Following Russia’s invasion of Ukraine, dozens of media outlets have used the crisis as an opportunity to discriminate against non-white, non-Christian refugees who are “obviously not trying to get away from areas in the Middle East [or] North Africa” [Al Jazeera]. These dangerous perpetuations imply that the MENA region has and always will be in conflict. They separate the importance of refugees based on where they’re coming from. They spread the message that it is not a place worth saving, and this has been amplified in a time where it is a European country that needs saving; in a time of European superiority. 

It is the fundamental role of the media to supply information to the public in a way that doesn’t play on racial inferiority, especially comparing two refugee crises for the sake of a reference of measure, at the expense of marginalised groups such as Syrians. When media cooperations and reporters draw the contrast that Ukrainian refugees are “not refugees from Syria… They are Christians, they are white” [Kelly Cobiella. NBC], they are playing on a harmful prejudice that undermines one group for the superiority of another; only “white Christians” are worth saving. What happens when media outlets use their power to fit the Ukraine crisis into the rhetoric of white superiority? When they share a message to millions of impressionable viewers and blatantly say that Ukraine is in a different situation because it is “relatively civilised… relatively European” [Charlie D’Agata. CBS], they imply that countries such as Iraq and Afghanistan are not deserving of the same sympathy. It even goes as far as encouraging violence against people of colour as they are a subordinate part of society.  
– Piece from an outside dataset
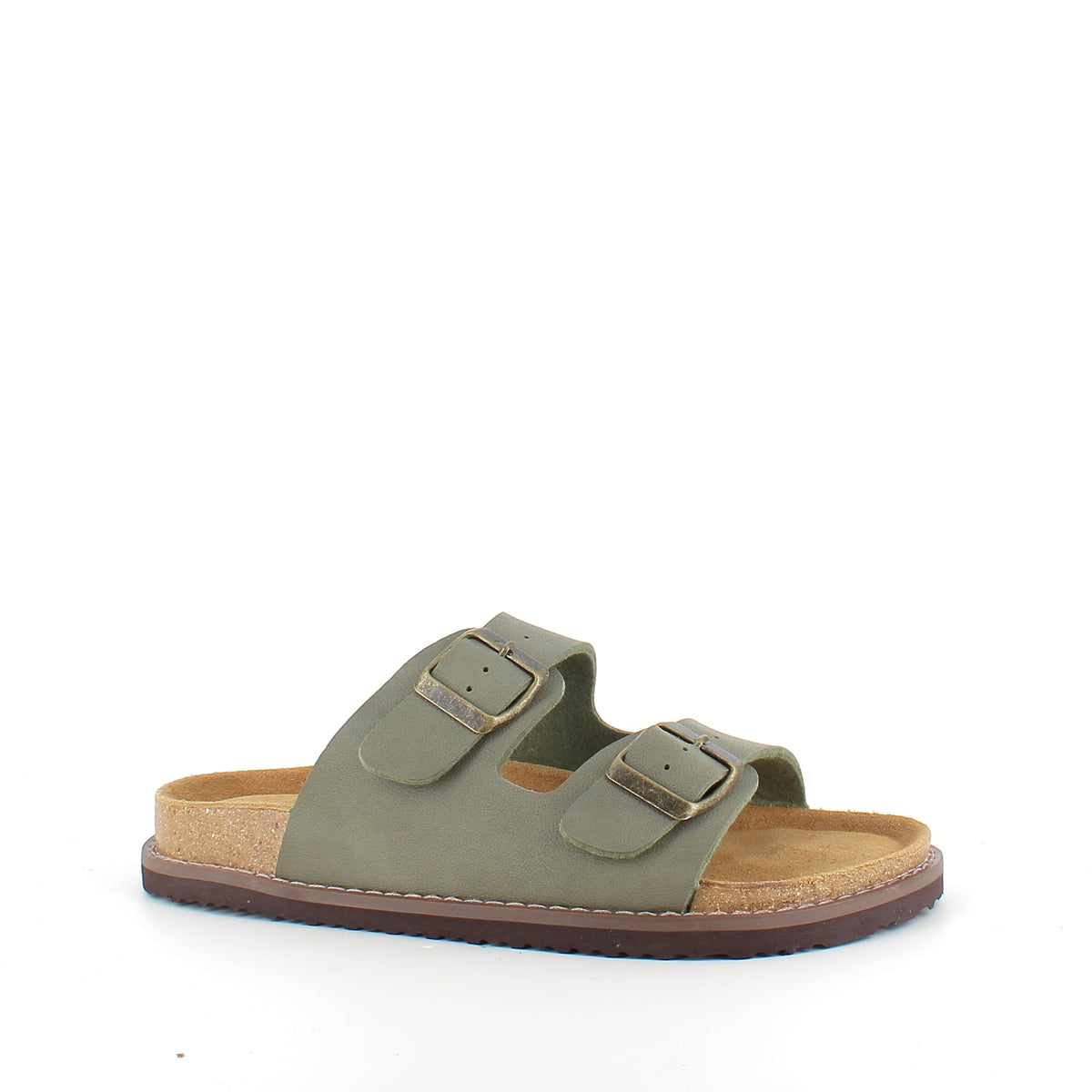 Slip on biosandal i kaki grøn – komfort & støtte med et roligt udtryk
A recent CMD (Centre for Media and Democracy) investigation has found that many right-wing mega donors have been donating over $100m to media outlets since 2015, many of these outlets being conservative [prwatch.org]. It is these megadonors that encourage media outlets to spread their message. When the wrong people in power have such a strong influence in media, a message of white superiority can be spread and allows refugee segregation to happen. They paint a picture of white refugees being accepted into the homes of others when many fleeing conflicts in the Middle East are turned away because they “don’t deserve our sympathy”. 

During times of political and human tribulation, we are forced to question why minorities who suffering are don’t have access to the same help or sympathy as “white Christians” who are going through the same thing. When children who don’t have ‘blue eyes [or] blonde hair’ [BBC] are not given the same care and attention during the same crises as “white” children, then we must call into question the ethics behind the prejudiced coverage that is corrupting media. By allowing this kind of coverage to go on, we are turning our backs on humanity.